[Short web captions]
***

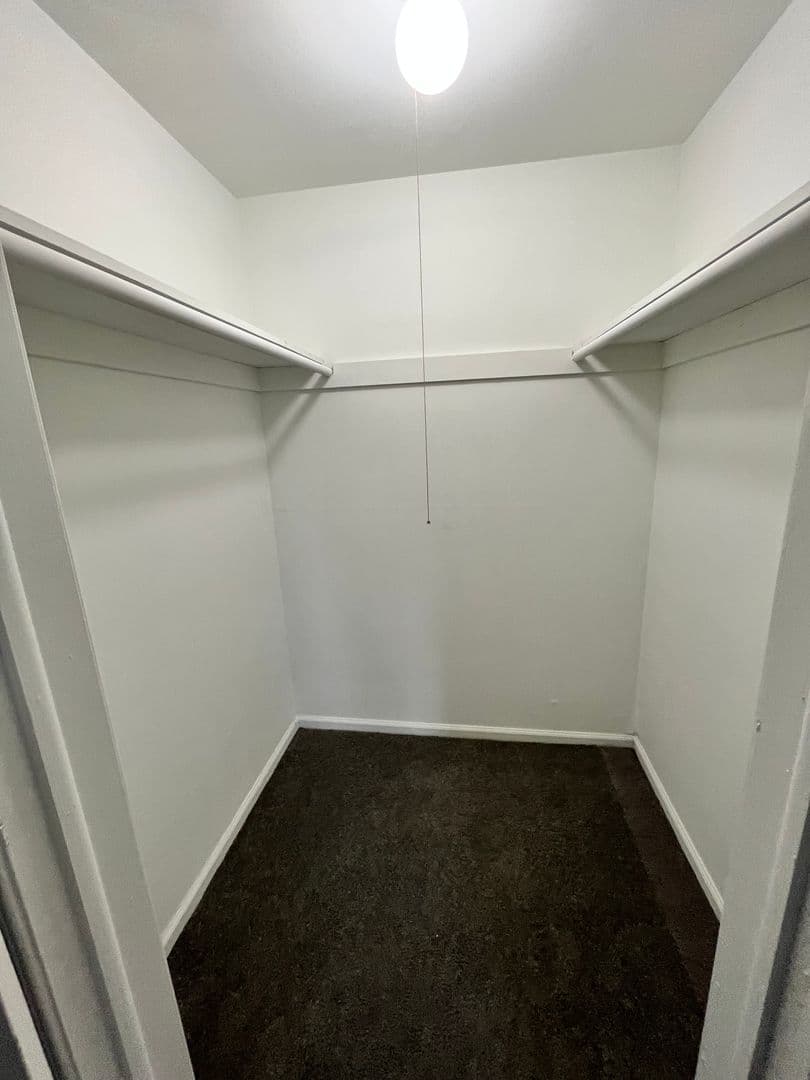 GLENOLDEN Apartment: 100 OAK AVE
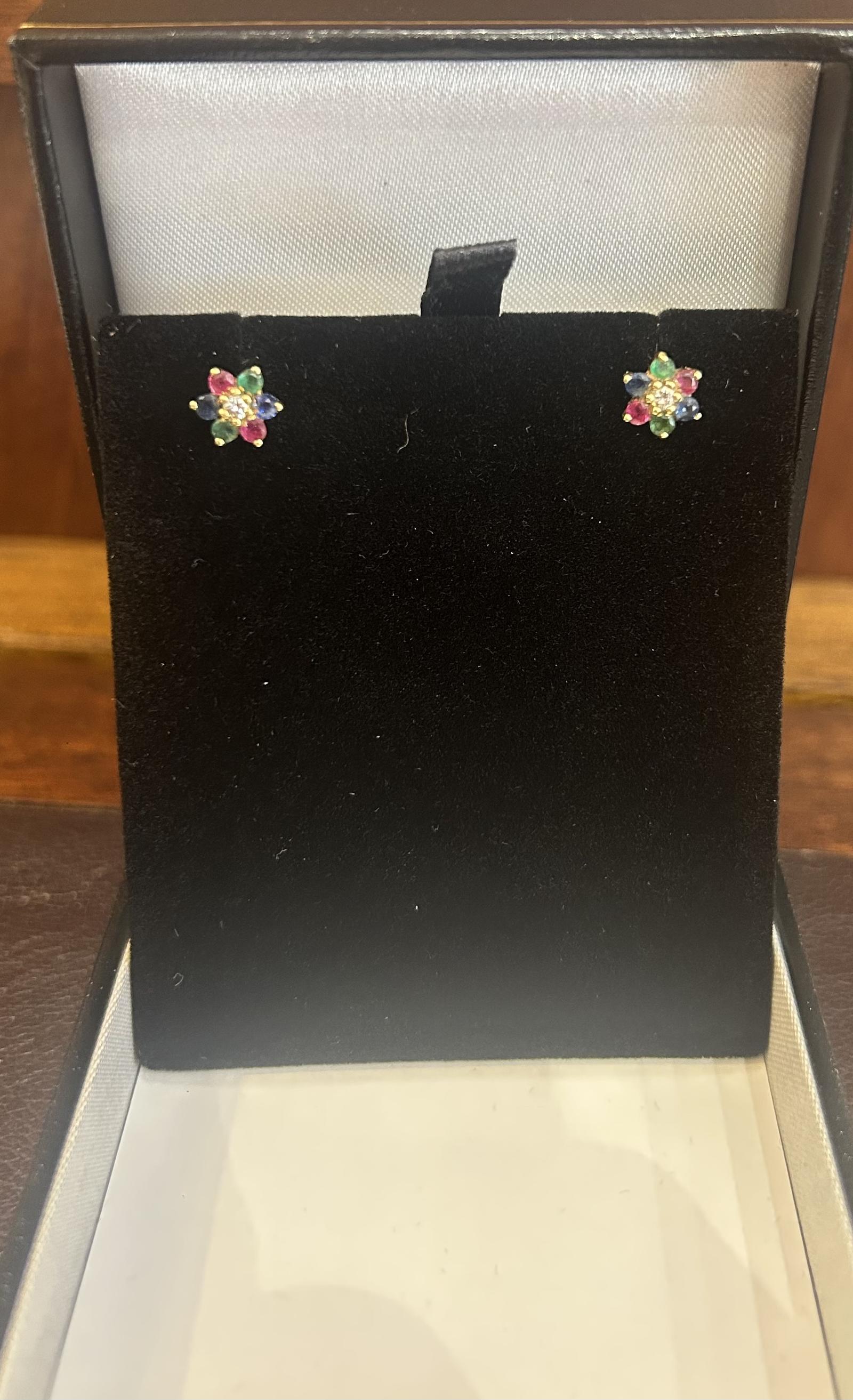 Pair of 18ct Yellow Gold Diamond Studs (1 of 2) Pair of 18ct Yellow Gold Diamond Studs (1 of 2)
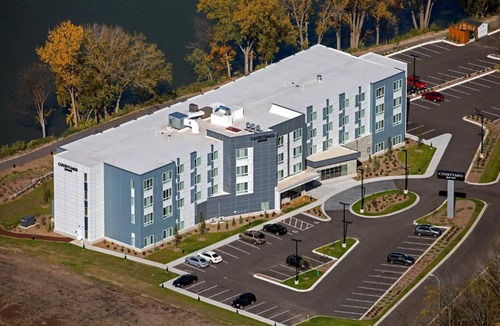 Appleton Hotel | Courtyard by Marriott Appleton Riverfront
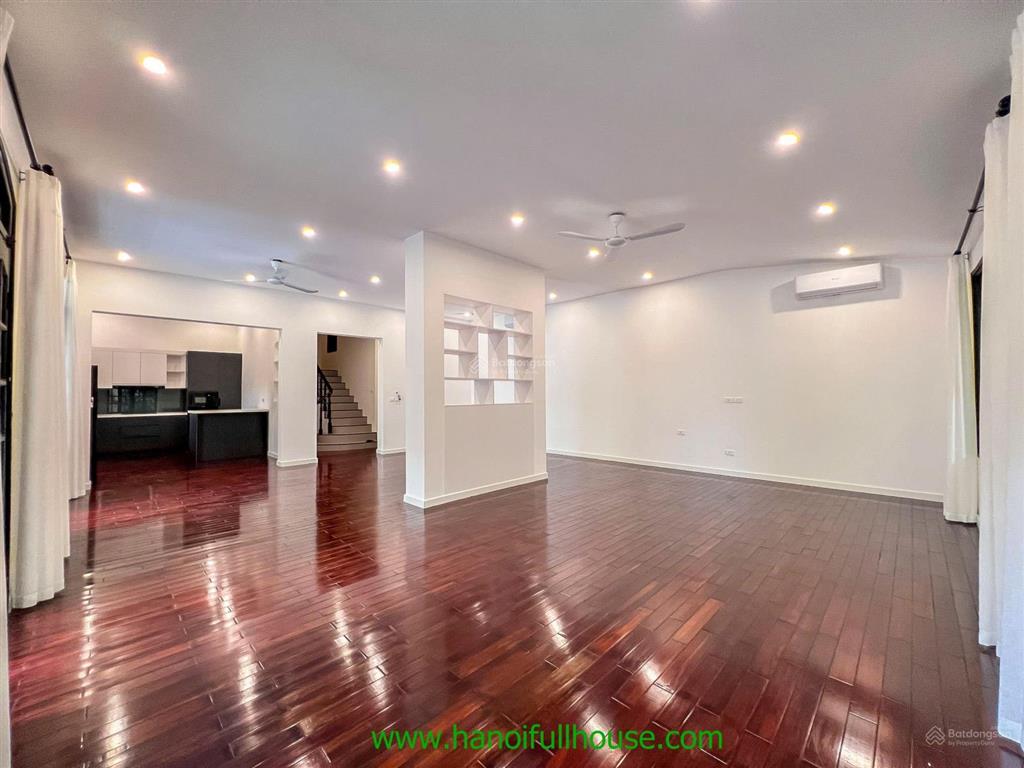 Cho thuê căn biệt thự sân vườn bể bơi 330m2 quận tây hồ 4 ngủ đồ cơ bản tuyệt đẹp, hiện đại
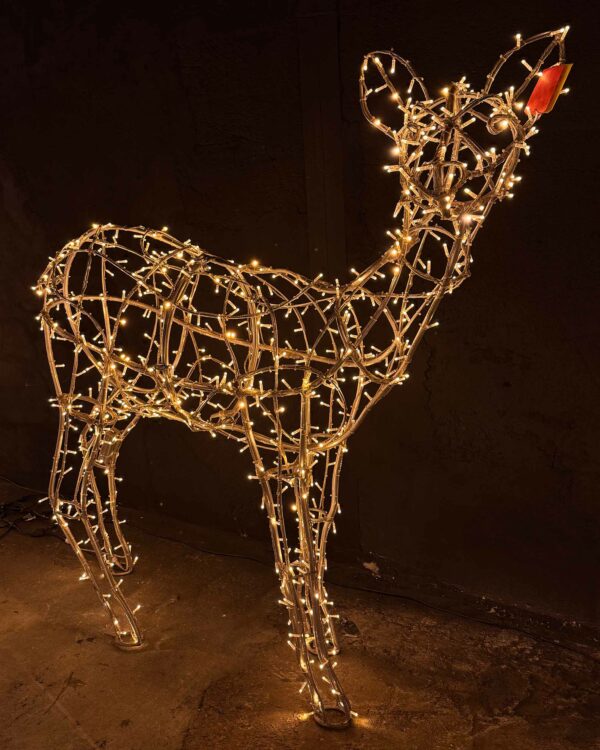 Kronhjort julebelysning i aluminium med lyskæder der lyser varmt hvidt.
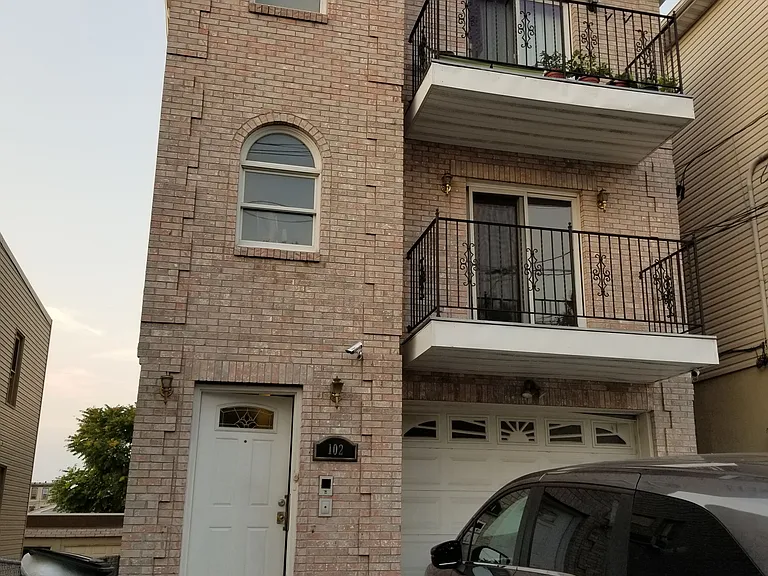 102 Hague St #1 — Photo 4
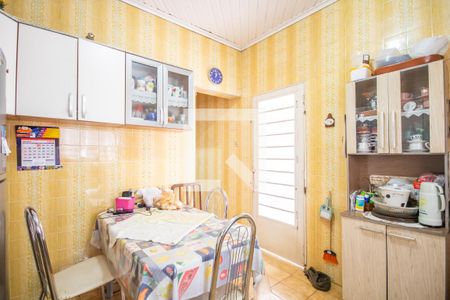 Casa à venda com 350m², 4 quartos e 1 vaga Casa à venda com 350m², 4 quartos e 1 vagaCozinha 1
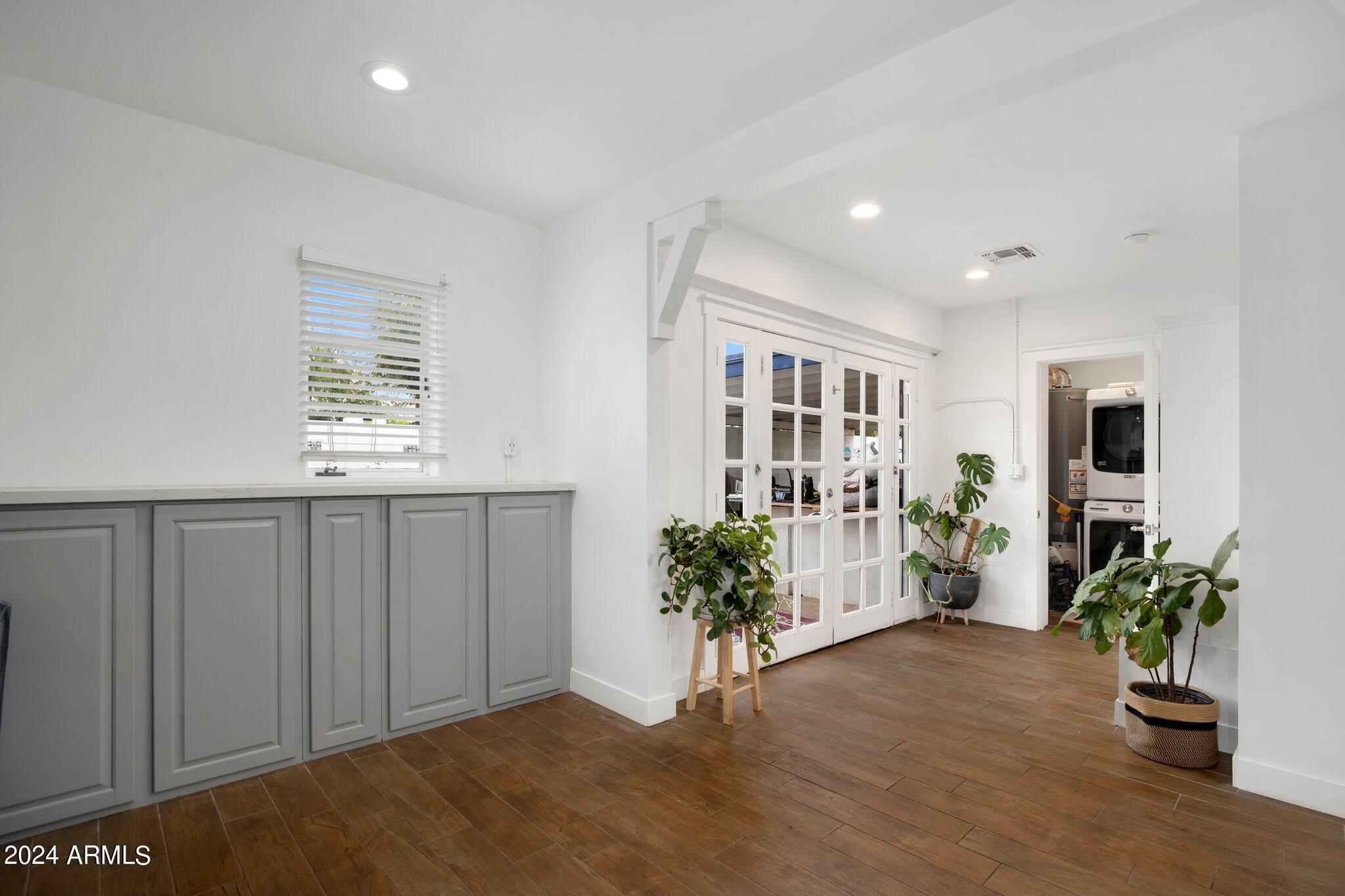 1701 W FLOWER Street
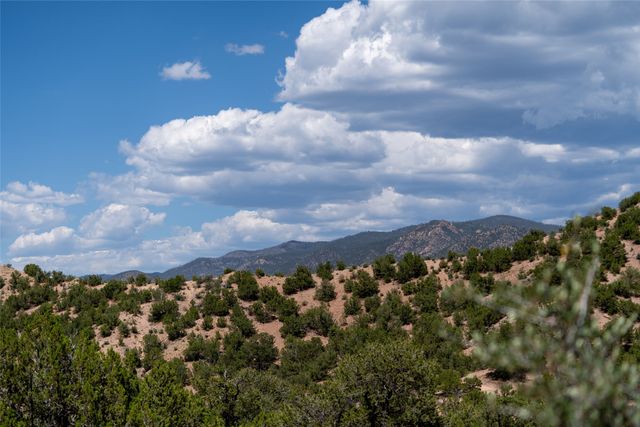 21 Yana Drive, Santa Fe, NM 87506
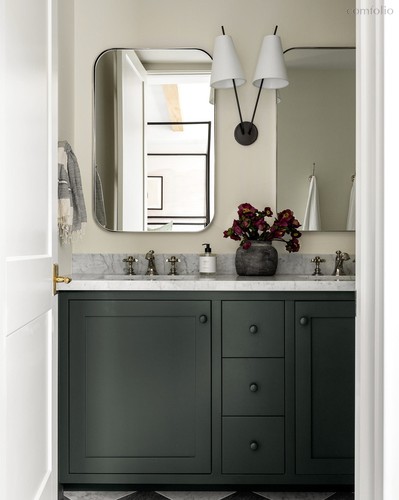 Серебряное настенное зеркало Олни, цвет никель - Louvre Home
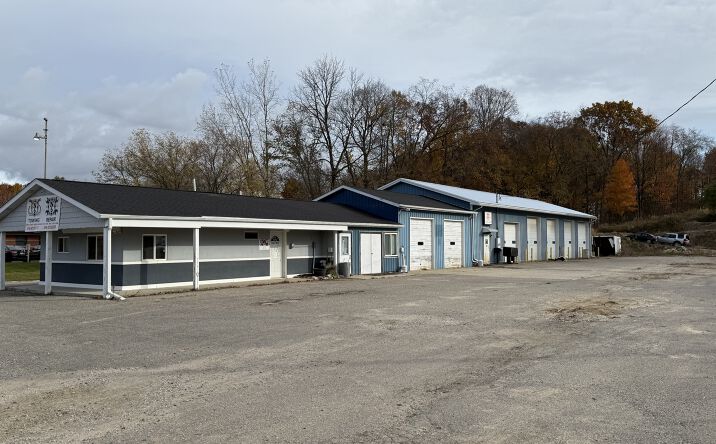 Pictures of Industrial, Retail property located at 1633 S Hanover St, Hastings, MI 49058 for sales - image #1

***

Leave the pictures out, then print every entry exactly as it reads.

 GLENOLDEN Apartment: 100 OAK AVE
 Pair of 18ct Yellow Gold Diamond Studs (1 of 2) Pair of 18ct Yellow Gold Diamond Studs (1 of 2)
 Appleton Hotel | Courtyard by Marriott Appleton Riverfront
 Cho thuê căn biệt thự sân vườn bể bơi 330m2 quận tây hồ 4 ngủ đồ cơ bản tuyệt đẹp, hiện đại
 Kronhjort julebelysning i aluminium med lyskæder der lyser varmt hvidt.
 102 Hague St #1 — Photo 4
 Casa à venda com 350m², 4 quartos e 1 vaga Casa à venda com 350m², 4 quartos e 1 vagaCozinha 1
 1701 W FLOWER Street
 21 Yana Drive, Santa Fe, NM 87506
 Серебряное настенное зеркало Олни, цвет никель - Louvre Home
 Pictures of Industrial, Retail property located at 1633 S Hanover St, Hastings, MI 49058 for sales - image #1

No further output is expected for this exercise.